Work task:
This task asks for the lines from the one with "Used 2023 Volkswagen" to the final line below, repeated exactly, with pictures omitted.

Stored data:

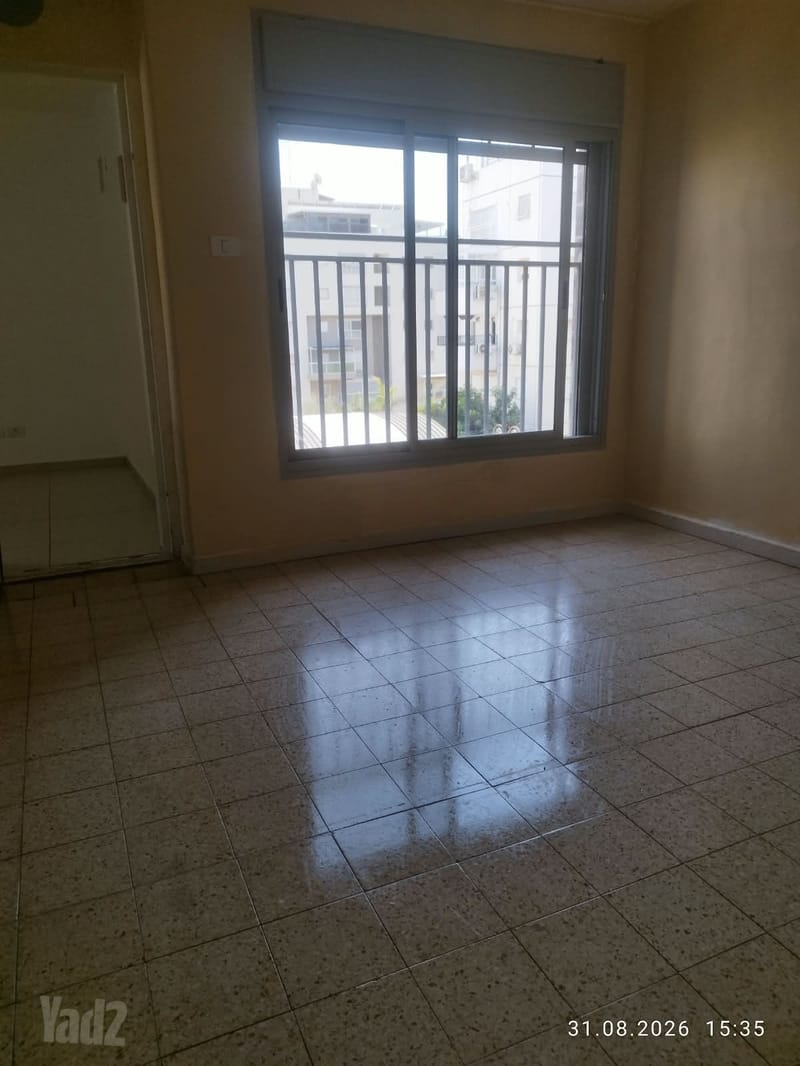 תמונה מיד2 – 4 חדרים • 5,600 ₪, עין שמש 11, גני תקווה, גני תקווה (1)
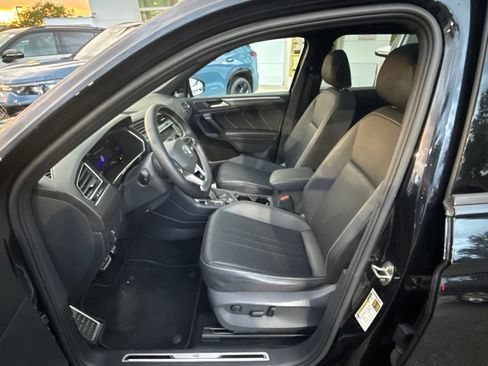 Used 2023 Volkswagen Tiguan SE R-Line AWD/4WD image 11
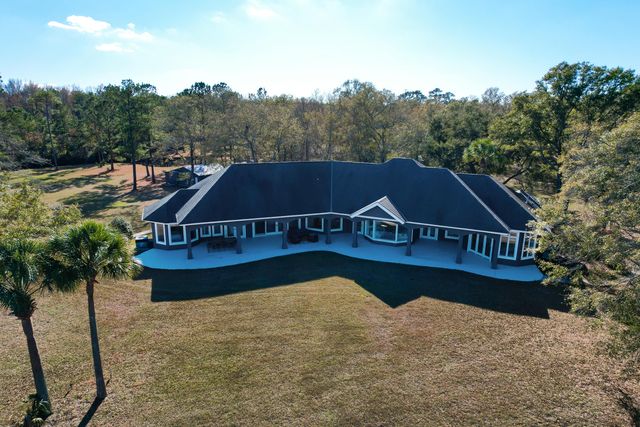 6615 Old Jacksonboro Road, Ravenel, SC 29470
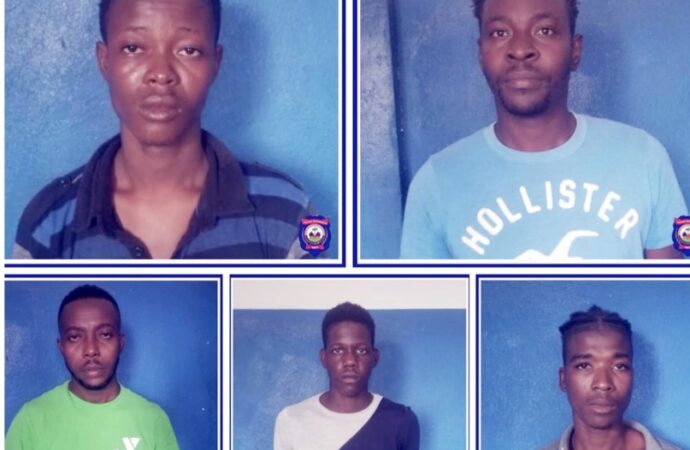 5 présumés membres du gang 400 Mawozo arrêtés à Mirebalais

Solution below:
 Used 2023 Volkswagen Tiguan SE R-Line AWD/4WD image 11
 6615 Old Jacksonboro Road, Ravenel, SC 29470
 5 présumés membres du gang 400 Mawozo arrêtés à Mirebalais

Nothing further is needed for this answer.